La Navidad me pone triste. Y no suelo decirlo nunca tan claro porque parece que todo el mundo está feliz y son fechas de fiestas en las que se respira un aire jubiloso y de alegría. Se adorna la mesa con un bonito mantél y una buena vajilla para despedir el año. Y se habla sobre la recopilación de los viajes, las aventuras, y las mejores anécdotas que han transcurrido durante los pasados 365 días. Y río forzadamente. Porque tal vez, mi año no ha sido tan bueno como yo esperaba y algunos de los objetivos planteados no han tenido el éxito que yo imaginaba.
Pero nadie dice nada sobre esto. Nadie explica la caída ni las decepciones. Nadie parece estar mal. Y llega año nuevo. Y se pone la vista a los 356 días ulteriores. Y se precisan nuevos propósitos que serán incluso mejores que los del año pasado: Aprender inglés, dejar de fumar. Adelgazar. Cocinar distintas recetas, ir al gimnasio que ya estabas apuntado pero tenías abandonado. Y a mi no se me ocurre ningún propósito nuevo ahora mismo. Me frustro por ello. ¿Seré una persona sin aspiraciones en la vida?

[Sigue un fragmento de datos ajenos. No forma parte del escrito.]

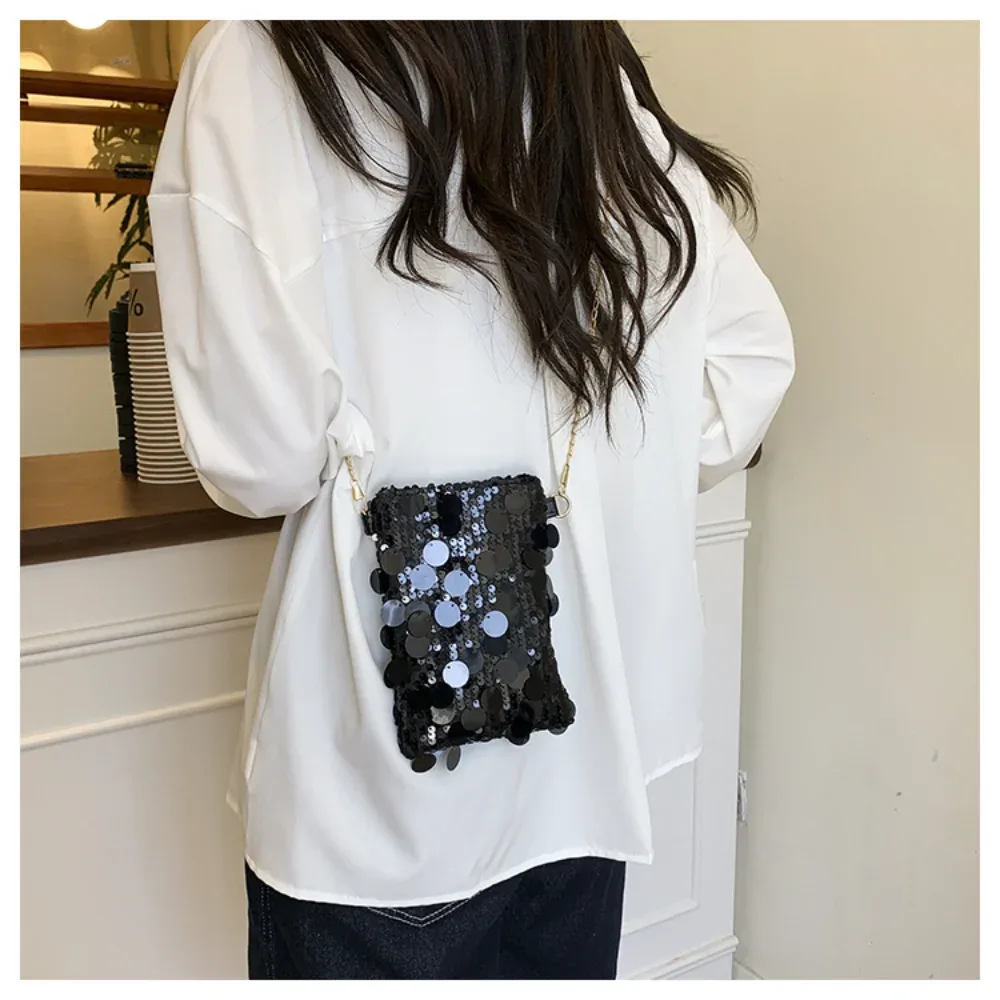 sac bandoulière scintillant à sequins pour femme, pochette de soirée brillante avec chaîne dorée, sac de fête brillant pour club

¿Por qué ahora? Es como si necesitaramos una fuerza exterior que nos empujara a salir de nuestra zona de confort. Alguien que nos dijera que es hora de cambiar. Así, sín más. De un día para el otro. Sin previo aviso. Después esta energía se atenúa y cada vez reflexionamos menos y olvidamos lo que en su día era algo importante.
Mi propósito es no tener que fundamentar mis cambios. No tener que dar explicaciones. Hacerlo cuando me apetezca. Sin excusas. Aunque no sea año nuevo. Parar en abril. Pensar en junio. Agradecer en septiembre. Viajar en octubre. Llorar en diciembre. Permitirme estar mal en enero.